The bank account of the oldest man in America has been restored after his family reported that thieves had stolen his identity and drained the account.

The family of Richard Overton, a 112-year-old Austin resident and the nation’s oldest living World War II veteran, filed a police report last Friday. The family said Overton’s Social Security and bank account numbers were used to make seven withdrawals over several months.

Cousin Volma Overton told The Associated Press the family was shocked when Bank of America asked them to come in and sign for the restored funds. He didn’t disclose how much money was stolen but said it was a “significant amount.”

"Man, I teared up," Volma Overton said. "I couldn't believe it. They made it happen. The executive of the company said he'd take care of this, and he took care of it."

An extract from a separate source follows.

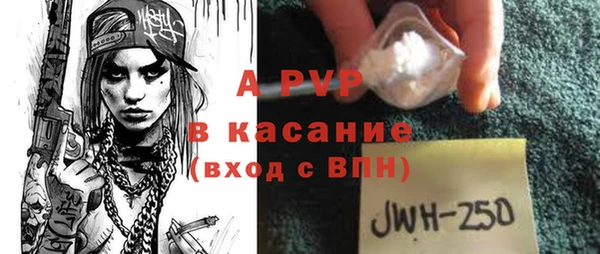 ГАЛЛЮЦИНОГЕННЫЕ ГРИБЫ Богданович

The bank is investigating and Austin police and federal authorities are also looking into it, the family said.

"Everyone wants to get to the bottom of this. I don't think it's going to be long before we know," Volma Overton said.

The money was separate from a 2015 online campaign that raised more than $300,000 to provide for Overton around-the-clock, in-home care.

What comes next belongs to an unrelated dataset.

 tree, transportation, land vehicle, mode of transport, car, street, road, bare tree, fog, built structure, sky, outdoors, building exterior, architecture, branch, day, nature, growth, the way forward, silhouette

Richard Overton was born in Bastrop County in 1906 and enlisted in the Army in 1940, according to KUT. He served in the South Pacific from 1940 to 1945, left the Army and eventually settled in Austin, working for a furniture company and later, the Texas Department of the Treasury.

Overton, who’s known for smoking his favorite Tampa Sweet cigars every day on his porch, celebrated his birthday in May with a public party at his home.

He told KUT his goal for his 112th year:  “I’m looking to live is about the main thing.”